Eyre takes on a new challenge
CFB PETAWAWA - The new man in charge of 2 Canadian Mechanized Brigade Group is embarking to some uncharted territory.
For the first time since the brigade's redesignation, its commander hails from the Princess Patricia's Canadian Light Infantry, or the PPCLI as they're commonly known, a regiment based out of western Canada.
In a change of command ceremony in front of 500 troops Tuesday, Col. Wayne Eyre took over the brigade from Col. Dean Milner.
After joining Brig.-Gen. J. C. Collin, commander of Land Force Central Area, and his predecessor in the signing of the change of command scrolls, Col. Eyre addressed his soldiers for the first time, saying he was pleasantly surprised to learn of his appointment to the brigade. This is his first posting to Petawawa.
"My family and I are very much looking forward to the opportunity presented by this posting and by this community," said Col. Eyre, a former commanding officer of 3 PPCLI.
Although he's never been with 2CMBG, the incoming commander noted he has worked with Petawawa soldiers in the past and has followed the brigade's progress on recent missions from his post at Canadian Expeditionary Force Command.
"Your operational record speaks for itself. You are tough, keen, dedicated and professional, steadfast in the face of the enemy. You don't shy away from a fight and you have seen much success in battle," he said. "I look forward to continuing this practice with you."
In his closing remarks, Col. Milner reflected on his tenure, which began in August 2007. Over that period, he presided over the stand-up and training of one major task force to Kandahar, Afghanistan and guided the brigade in those tough days when Petawawa lost soldiers in combat.
He described his time here as "a hard charging couple of years." He thanked the families and the community for their outstanding support of the brigade's men and women and, in particular, he expressed appreciation to his wife, Katrin, and children, Stephanie and Derek, for his long hours at work. Col. Milner then turned his attention to praising the soldiers that were under his command.

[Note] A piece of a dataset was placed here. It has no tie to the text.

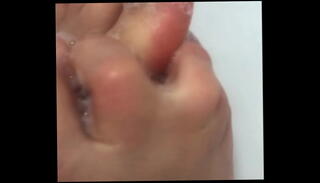 Video 1479360855: nylon feet foot job, foot job feet fetish, nylon feet joi, amateur foot fetish, nylon socks foot job, foot washing, bath foot job, bathroom foot job, hungarian joi, hard feet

"You've gone off to war, you've accomplished a whole bunch of great things," he said looking out at the parade. "You're back home and you're ready to do some more. This brigade will not slow down. The tempo of this brigade - because it is the best brigade - will continue."
Col. Milner reminded them that the brigade will soon prepare for Task Force 1-10, scheduled to deploy to Afghanistan next spring, and the upcoming G-8 Summit. He assured them that with his wealth of operational experience Col. Eyre has all the right attributes to lead the brigade.
"You have a great commander who's going to take you on that road," said Col. Milner, who will be returning to Petawawa next year to ready the Joint Task Force Headquarters for deployment to Kandahar.
Gen. Collin told the parade the brigade has developed a reputation nothing short of outstanding, having taken on tasks that have been exhaustive and profound over the past two years. He added the formation will be well-served by Col. Eyre at the helm.
Brigade Sergeant Major Chief Warrant Officer Kevin Patterson also handed over his pace stick to Chief Warrant Officer Mark Baisley. A former regimental sergeant major of the 2nd Battalion Royal Canadian Regiment, Chief Warrant Officer Baisley had previously served at Petawawa with the Canadian Airborne Regiment and both 1 RCR and 3 RCR.
Col. Eyre began his career after graduating from Royal Military College in Victoria and Kingston in 1988. He served as a platoon commander in overseas deployments to Cyprus and Croatia, where in 1993 his unit was involved in the Medak Pocket operation. After leading 3 PPCLI, he deployed to Southern Afghanistan in 2007 to command the Canadian Operational Mentor and Liaison Team, where he earned the Meritorious Service Cross. He and his wife, Jennifer, have two children, Alexander and Breanna.